Questo amplia la gamma di terapie per questa indicazione con un’opzione efficace e allo stesso tempo tollerabile, come ha dimostrato il Prof. Dr. med. Reinhard Dummer, Vicedirettore della Clinica di Dermatologia e Responsabile del Centro Tumori della Pelle presso l’Ospedale Universitario di Zurigo e primo autore dello studio COLUMBUS, rilevante per l’approvazione, in una conferenza stampa organizzata da Pierre Fabre sulla base dei dati attuali. L’inibizione di BRAF-MEK (BRAFTOVI® e MEKTOVI®) è stata approvata negli Stati Uniti nel luglio 2018 e nell’UE due mesi dopo. Da dicembre 2019, la terapia combinata è ora disponibile anche in Svizzera [1–3]. Dopo un lungo periodo senza progressi significativi nel campo della ricerca di opzioni terapeutiche per il melanoma BRAF-mutato, diversi inibitori di BRAF e MEK e immunoterapie hanno ricevuto l’autorizzazione alla commercializzazione in Europa dal 2011. La terapia combinata encorafenib/binimetinib, che ora è disponibile anche in Svizzera, si è dimostrata efficace e tollerabile nel melanoma avanzato mutato BRAFV600. Si tratta di un’altra pietra miliare nel progresso delle opzioni terapeutiche della medicina molecolare di precisione oncologica, che ha migliorato in modo significativo le probabilità di sopravvivenza per le persone colpite.
La combinazione porta a effetti migliori rispetto alla monoterapia
L’efficacia e la sicurezza sono state testate nello studio randomizzato, in aperto, controllato attivamente di fase III COLUMBUS [4]. Sono stati inclusi 577 pazienti con melanoma maligno localmente avanzato, non resecabile o metastatico con mutazione BRAFV600 (sottotipo V600 E o K). Encorafenib 450 mg (una volta al giorno) e binimetinib 45 mg (due volte al giorno) sono stati confrontati con la monoterapia con encorafenib 300 mg (una volta al giorno) e la monoterapia con vemurafenib 960 mg (due volte al giorno). Il Prof. Dummer, responsabile e primo autore dello studio COLUMBUS, sottolinea che il dosaggio molto più elevato di encorafenib è possibile quando viene combinato con l’inibitore MEK perché, a differenza della condizione di monoterapia, non si verifica un aumento dose-dipendente degli effetti collaterali, il che può essere spiegato dal meccanismo biologico di un’attivazione paradossale della via di trasduzione del segnale [1]. La randomizzazione ai tre bracci di trattamento è stata effettuata con un rapporto 1:1:1. Sebbene il pre-trattamento con l’immunoterapia fosse consentito in fase avanzata/metastatica, oltre il 90% dei pazienti ha ricevuto la terapia di studio di prima linea, ha spiegato il Prof. Dummer [1,4].

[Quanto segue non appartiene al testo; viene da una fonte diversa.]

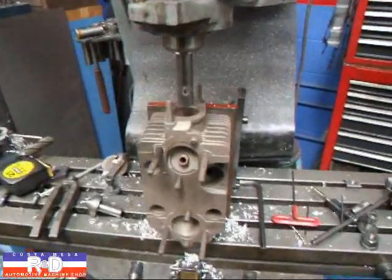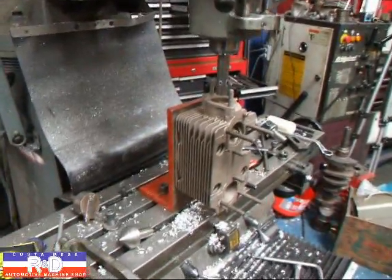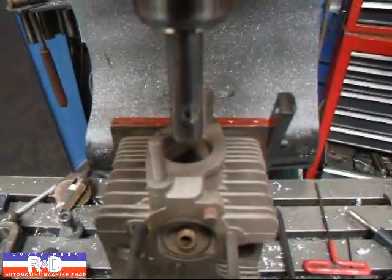Hi, it's John of Costa Mesa R&D. Today we have a Porsche 911 cylinder head set up on our bridge port milling machine. I've made a special fixture for setting this up so that we can bore out the intake port to a little larger size.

Risultati dello studio COLUMBUS
L’endpoint primario era la sopravvivenza libera da progressione (PFS) dopo la valutazione centrale con la terapia di combinazione rispetto alla monoterapia con vemurafenib. L’endpoint secondario principale era la PFS con la terapia di combinazione rispetto alla monoterapia con encorafenib e vemurafenib. Con una PFS mediana con la terapia di combinazione mirata di 14,9 mesi, encorafenib più binimetinib è stato significativamente superiore alla monoterapia con vemurafenib (7,3 mesi) (HR: 0,54; 95% CI: 0,41-0,71; p<0,0001) e anche meglio del solo trattamento con encorafenib (9,6 mesi; HR: 0,68; 95% CI: 0,52-0,90; p<0,007) [4].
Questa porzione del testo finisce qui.